#### EXERCISE GOAL:
Only the lines from the one that contains "feline, yard, summer" through the last line of the records should appear, each printed exactly as it is.

#### SOURCE MATERIAL:

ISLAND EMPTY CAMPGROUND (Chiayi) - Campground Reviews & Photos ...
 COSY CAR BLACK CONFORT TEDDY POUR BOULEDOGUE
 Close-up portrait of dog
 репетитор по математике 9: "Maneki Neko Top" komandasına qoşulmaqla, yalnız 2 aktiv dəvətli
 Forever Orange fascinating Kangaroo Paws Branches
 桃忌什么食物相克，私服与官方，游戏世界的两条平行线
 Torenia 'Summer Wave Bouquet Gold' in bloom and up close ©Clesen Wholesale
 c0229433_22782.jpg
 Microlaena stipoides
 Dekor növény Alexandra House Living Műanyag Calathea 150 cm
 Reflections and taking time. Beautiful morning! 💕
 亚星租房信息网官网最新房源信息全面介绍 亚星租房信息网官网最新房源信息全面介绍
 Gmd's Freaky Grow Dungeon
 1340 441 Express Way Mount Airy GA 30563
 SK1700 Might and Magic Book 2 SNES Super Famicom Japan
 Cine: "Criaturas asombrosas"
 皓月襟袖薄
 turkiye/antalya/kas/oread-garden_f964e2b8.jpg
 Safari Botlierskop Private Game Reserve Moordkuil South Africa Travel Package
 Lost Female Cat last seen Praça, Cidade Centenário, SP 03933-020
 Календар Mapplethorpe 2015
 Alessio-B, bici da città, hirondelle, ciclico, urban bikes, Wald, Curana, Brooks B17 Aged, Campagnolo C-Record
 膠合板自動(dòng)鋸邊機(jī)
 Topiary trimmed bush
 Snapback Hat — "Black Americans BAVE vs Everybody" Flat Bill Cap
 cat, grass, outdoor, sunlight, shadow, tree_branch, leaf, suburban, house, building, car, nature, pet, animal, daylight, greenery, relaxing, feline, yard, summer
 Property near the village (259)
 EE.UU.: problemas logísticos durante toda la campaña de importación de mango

#### TASK RESULT:
 cat, grass, outdoor, sunlight, shadow, tree_branch, leaf, suburban, house, building, car, nature, pet, animal, daylight, greenery, relaxing, feline, yard, summer
 Property near the village (259)
 EE.UU.: problemas logísticos durante toda la campaña de importación de mango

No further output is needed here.